Depuis près de trois ans, l’on constate dans certaines zones et endroits publics l’implantation de machines de laverie de dernière génération qui proposent des services répondant de mieux en mieux aux besoins de la population. C’est du moins l’opinion de Pierre, un des clients rencontrés dans le cadre de notre reportage. Habitué des services de « Fotall », il fréquente le plus souvent le point se trouvant dans la station d’essence « Shell » en face du restaurant « le Relais » situé au quartier du « Point E ». Assise à côté sur une chaise et attendant tranquillement le lavage de ses vêtements, le monsieur, en jogging, a loué les services de cette nouvelle option de lavage qui s’offre au public Sénégalais. Un célibataire qui habite seul dans son appartement trop étroit, même s’il aurait voulu faire le linge, ce serait mission impossible compte tenu des conditions peu favorables. Habitant le quartier, ces machines résolvent ce problème. De plus, à un coût aussi moindre, il ne pouvait tomber mieux. Une virée chez cette entreprise qui a osé défier toute concurrence du moment était plus que nécessaire pour une petite interview, histoire d’en savoir un peu plus sur cette initiative innovante.

Implantée à Yoff, dans une cité nommée Nord-Foire, l’entreprise Fotall Services se situe plus précisément derrière la maison du célèbre chanteur Waly Seck.

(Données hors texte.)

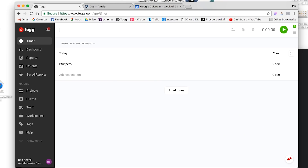I want to show you how I used to work and what I do right now. When I first started freelancing, I used a tool called Toggle to track how much time I'm working on each project. Toggle is a super simple tool — you come here, you write what you're working on, let's say Prospero, and then it starts and the time is ticking.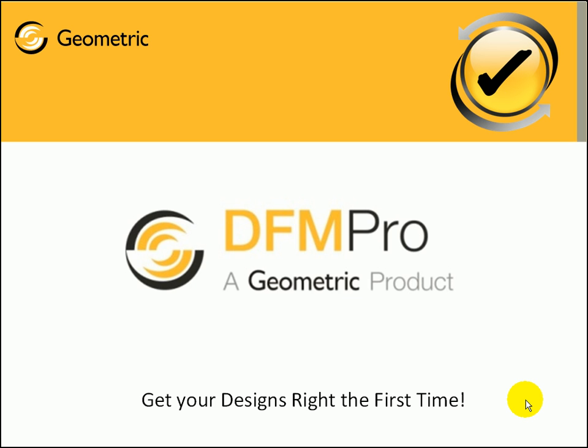Hello and welcome to a demo of DFMPRO for ProEngineer. DFMPRO is a product from Geometric to get your designs right the first time. It helps in upstream manufacturability analysis validation, saves on design to manufacturing iterations and reduces rework.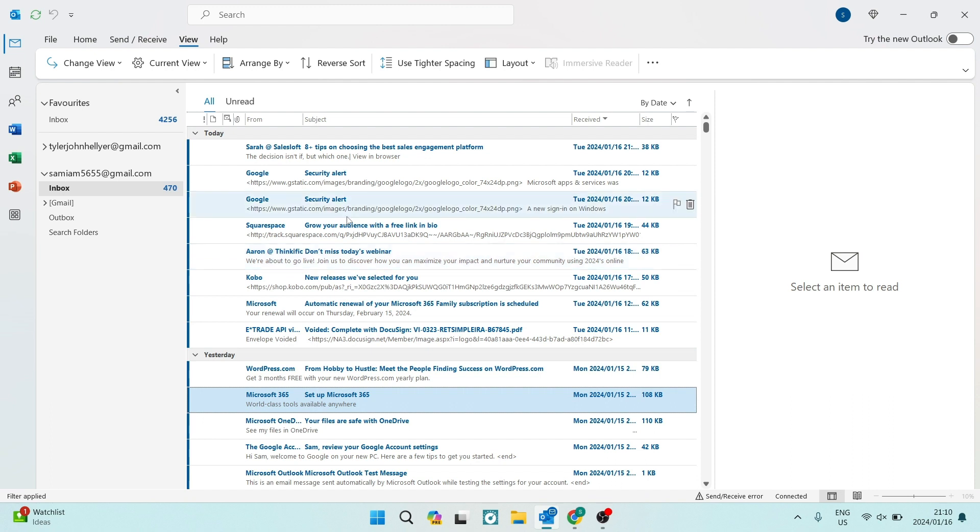If you have any questions on the topic, you can drop a comment in the section down below. We will see you next time. Cheerio.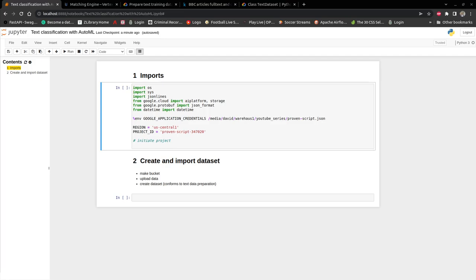Hello everyone and welcome to this video. In this video we'll start using Vertex AI. As I said in the previous video, Vertex AI combines AI platform and AutoML into one platform, and we'll start using it and seeing what it's all about.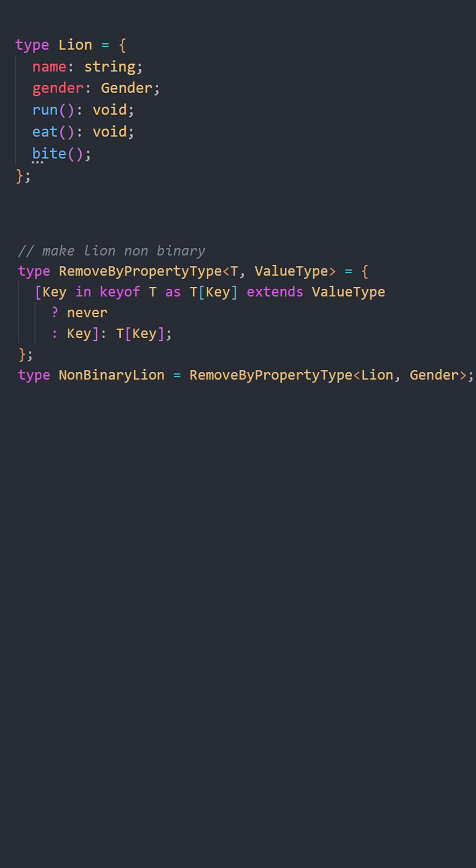Never can be used to remove properties with specific value types. Let's say move gender to get a non-binary line.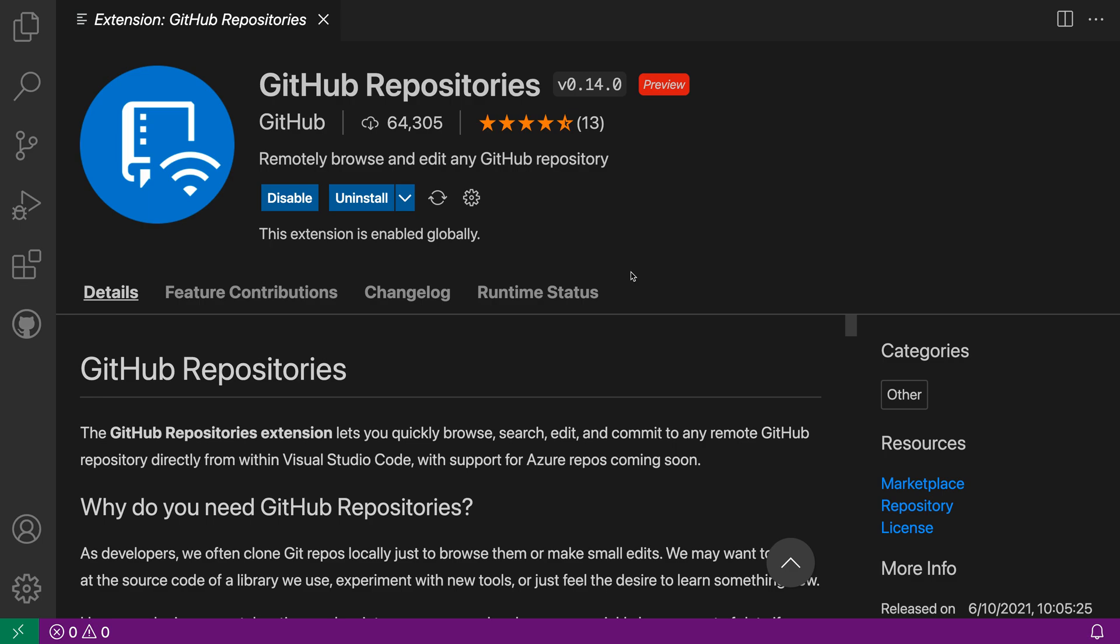The GitHub Repositories extension for VS Code lets you browse and edit code from a GitHub repo using your desktop instance of VS Code without actually cloning that repo to your machine. It's kind of like github.dev on the web, except for your desktop instance of VS Code.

Arrivée dans les locaux, l’accueil était plutôt chaleureux avec une équipe dynamique sur place. Après une brève entrevue avec le Directeur général, place à l’entretien avec Mme Sarr, directrice commerciale et responsable du développement de la franchise.

« Nous nous sommes installés sur le marché depuis plus de deux ans, et notre initiative est motivée par le souhait de vouloir apporter une innovation dans le secteur du lavage mais aussi nous avons voulu répondre à un besoin en phase avec la configuration du pays, tout en  tenant compte que les gens n’ont plus le temps ni assez d’espace dans les maisons pour effectuer comme jadis le nettoyage du linge. C’est pourquoi nous avons jugé nécessaire qu’il est temps d’apporter une touche toute fraîche et innovante dans ce domaine… », a argumenté la responsable chargée de la communication de l’entreprise.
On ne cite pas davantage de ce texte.